WHAT YOU WILL DO: Reproduce everything from the line that contains "Wash*Brite Organix Semi" down to the line that contains "Up To Snow Good" in the listing below, word for word and nothing more. Leave the pictures out.

DATA RECORDS:
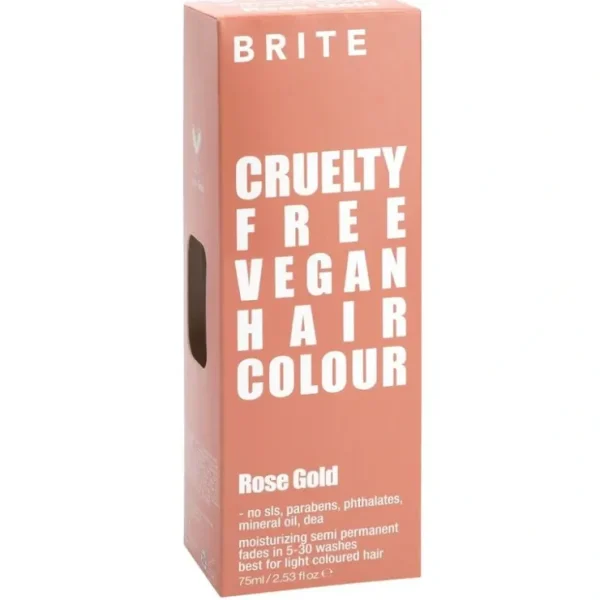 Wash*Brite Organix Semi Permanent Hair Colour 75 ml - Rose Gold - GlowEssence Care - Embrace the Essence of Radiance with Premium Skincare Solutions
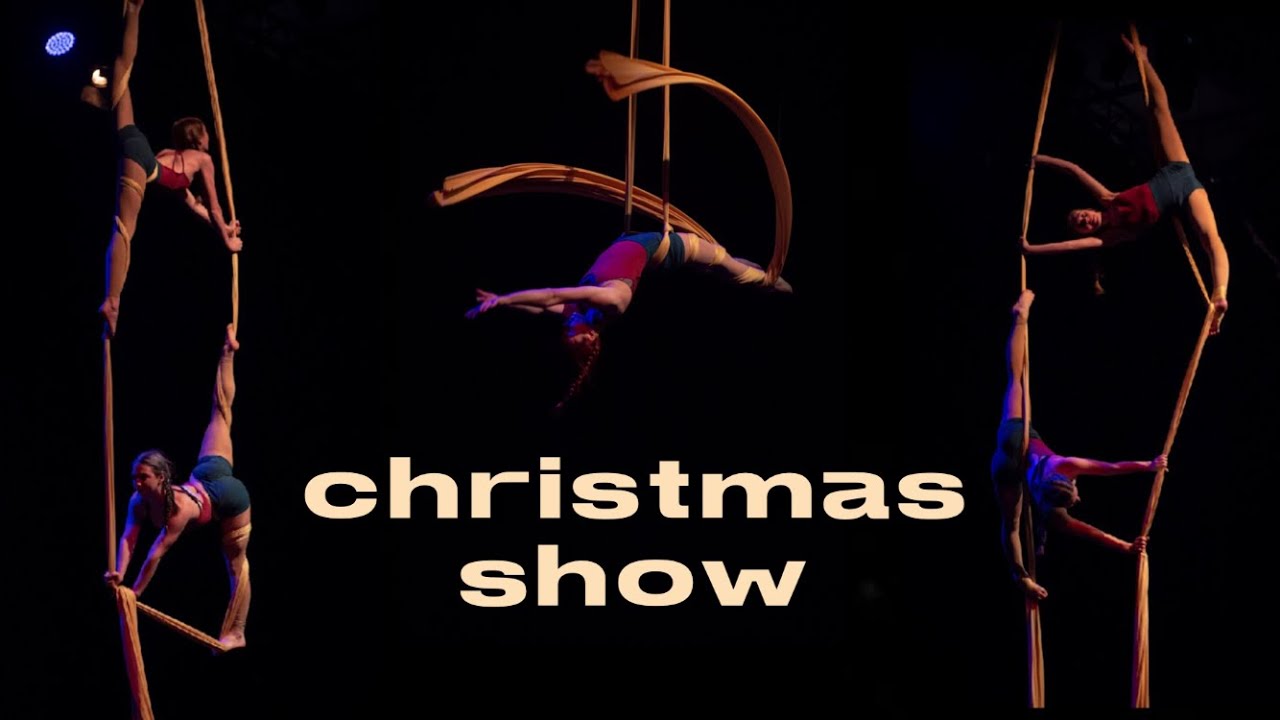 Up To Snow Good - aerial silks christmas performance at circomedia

---

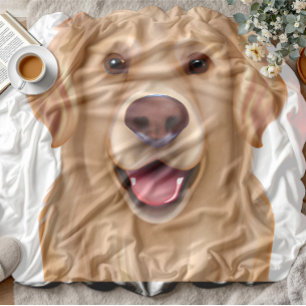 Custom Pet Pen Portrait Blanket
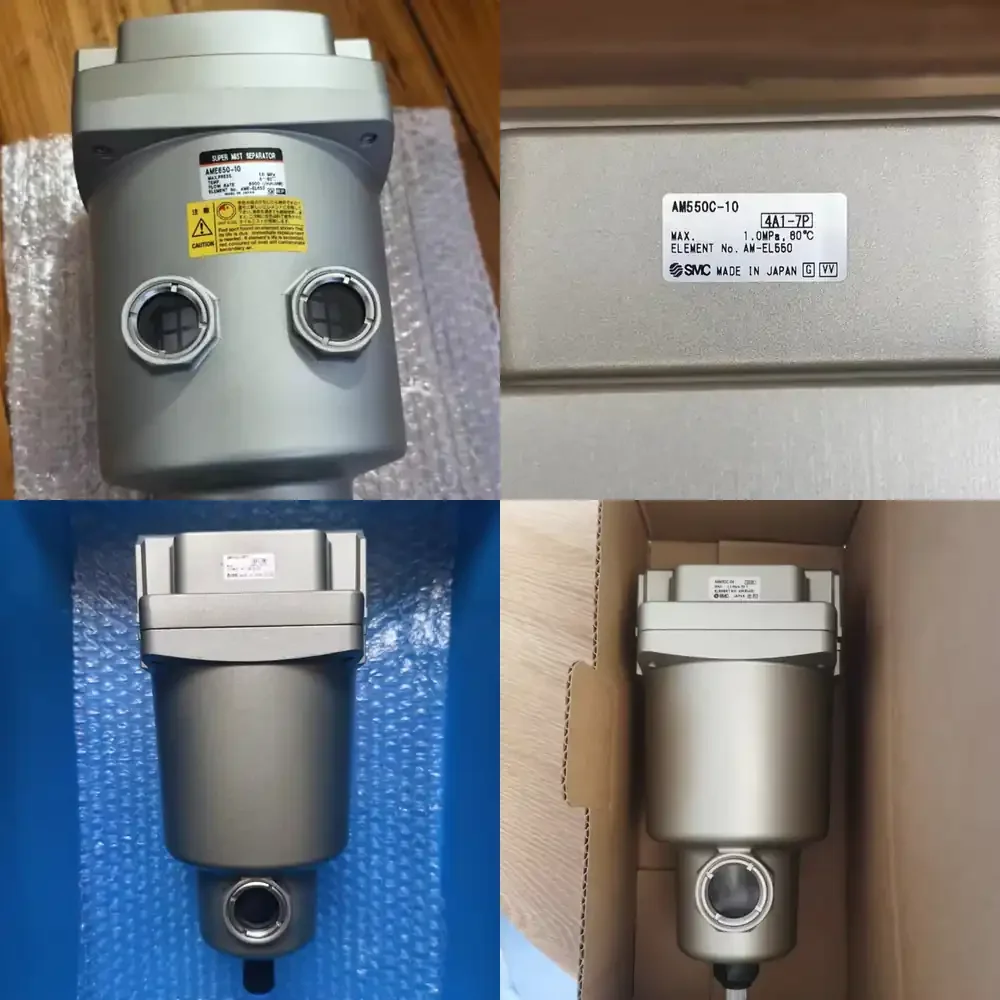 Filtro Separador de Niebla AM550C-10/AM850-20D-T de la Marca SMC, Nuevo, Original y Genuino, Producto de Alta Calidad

ANSWER TO THE EXERCISE:
 Wash*Brite Organix Semi Permanent Hair Colour 75 ml - Rose Gold - GlowEssence Care - Embrace the Essence of Radiance with Premium Skincare Solutions
 Up To Snow Good - aerial silks christmas performance at circomedia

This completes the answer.